ABOUT THIS TASK:
Beginning with the line that contains "Versace × Vintage", retype the entries below exactly, ending with the line that contains "Spain Football Captain". Leave out any pictures.

EXTRACTED MATERIAL:
* * *

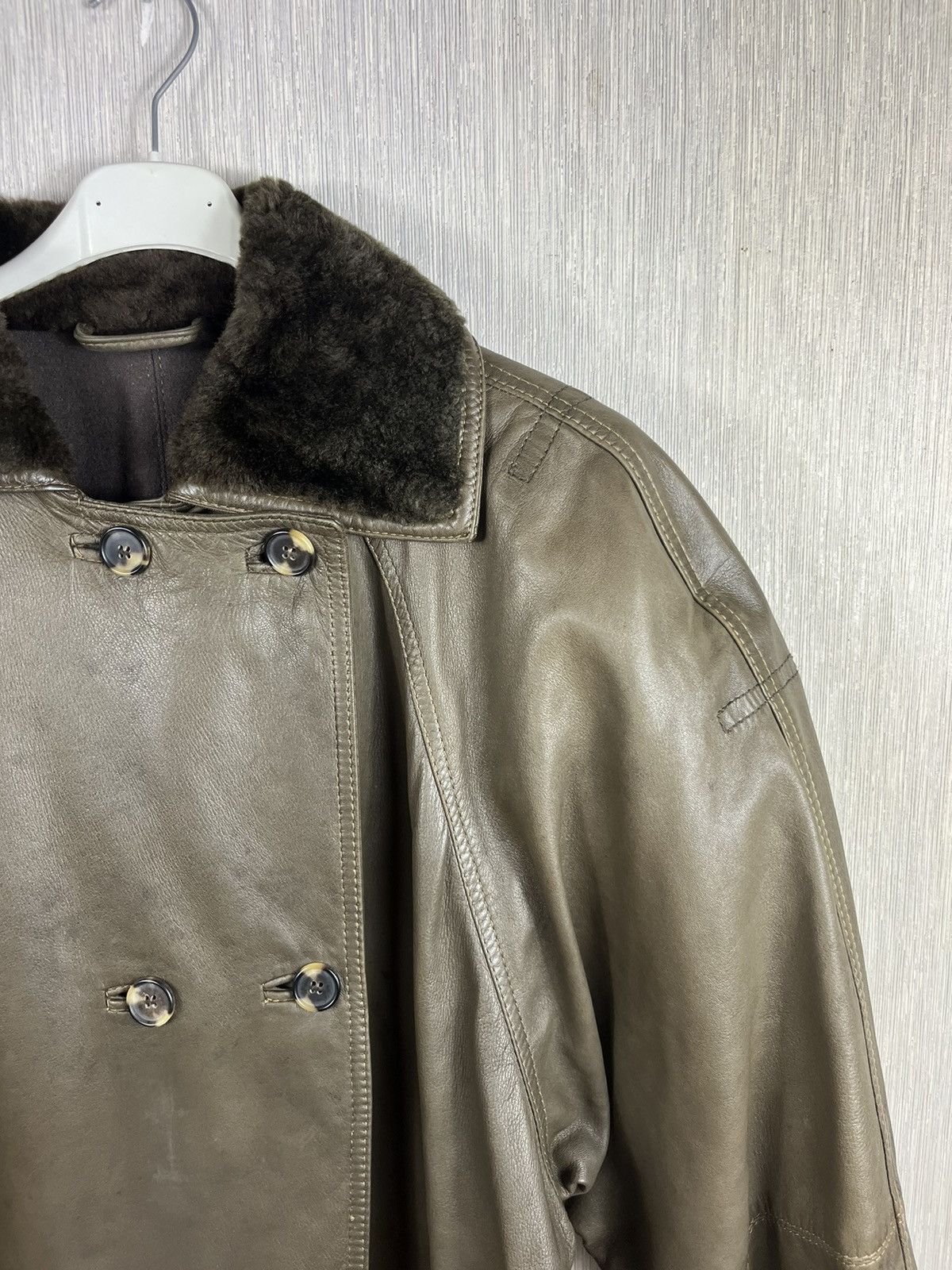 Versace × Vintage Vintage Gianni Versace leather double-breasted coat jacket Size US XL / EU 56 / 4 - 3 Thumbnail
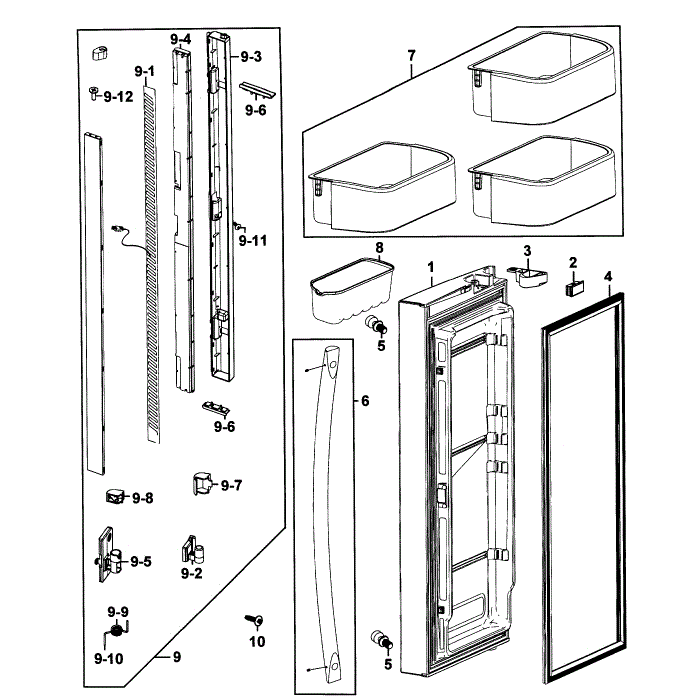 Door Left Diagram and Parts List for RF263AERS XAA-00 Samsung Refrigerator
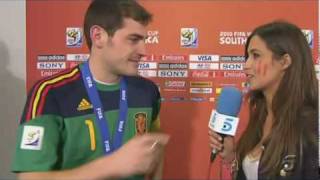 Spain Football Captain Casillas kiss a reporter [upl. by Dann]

* * *

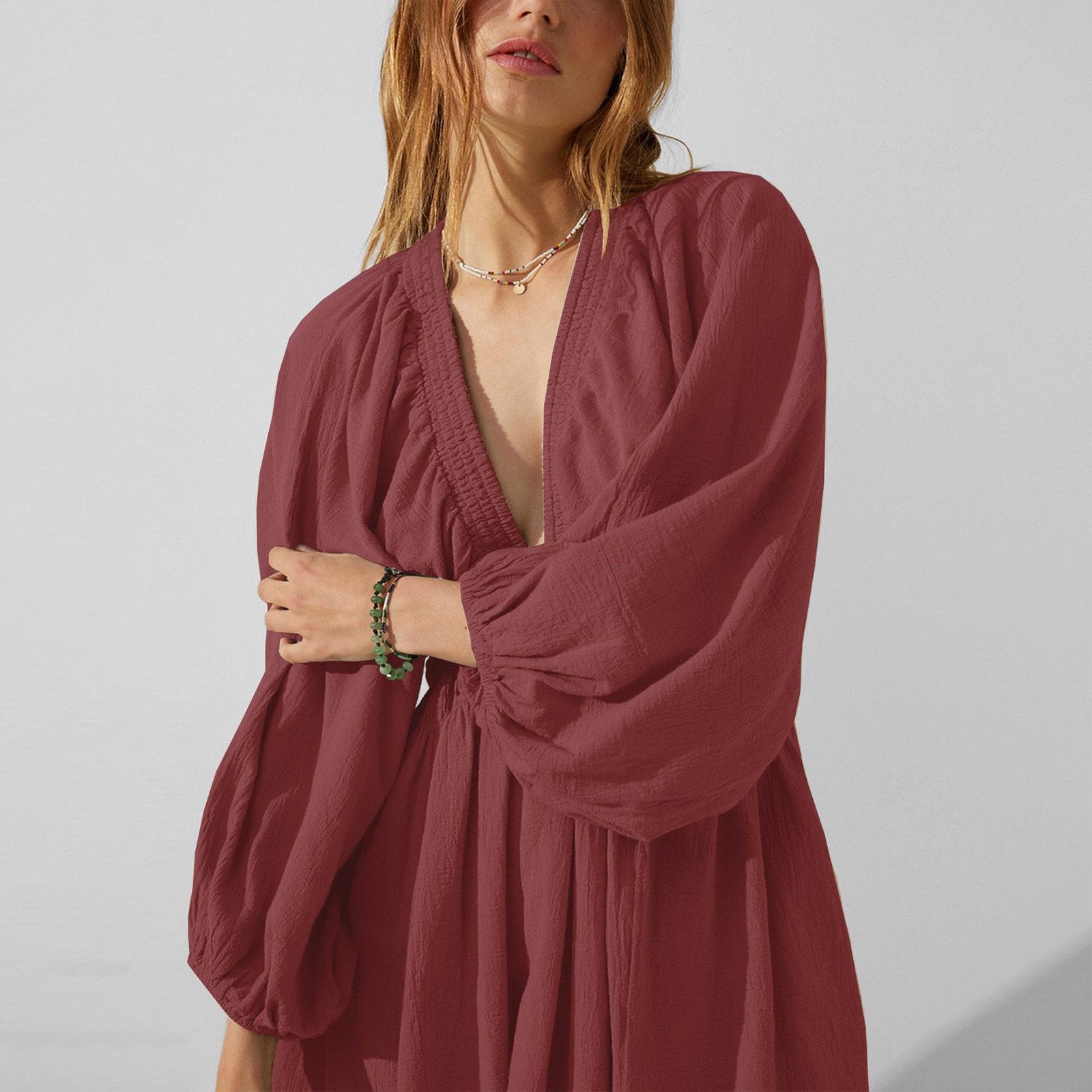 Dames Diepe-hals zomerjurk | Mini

* * *

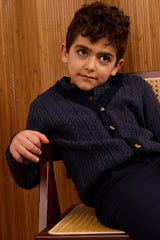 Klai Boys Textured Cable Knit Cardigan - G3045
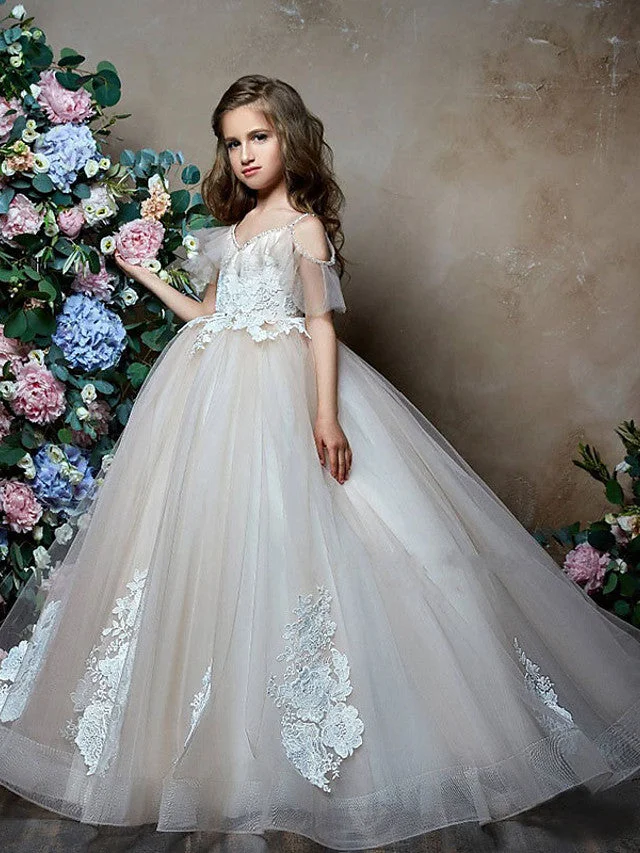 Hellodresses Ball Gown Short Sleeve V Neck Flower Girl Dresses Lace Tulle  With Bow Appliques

* * *

FINISHED TASK:
 Versace × Vintage Vintage Gianni Versace leather double-breasted coat jacket Size US XL / EU 56 / 4 - 3 Thumbnail
 Door Left Diagram and Parts List for RF263AERS XAA-00 Samsung Refrigerator
 Spain Football Captain Casillas kiss a reporter [upl. by Dann]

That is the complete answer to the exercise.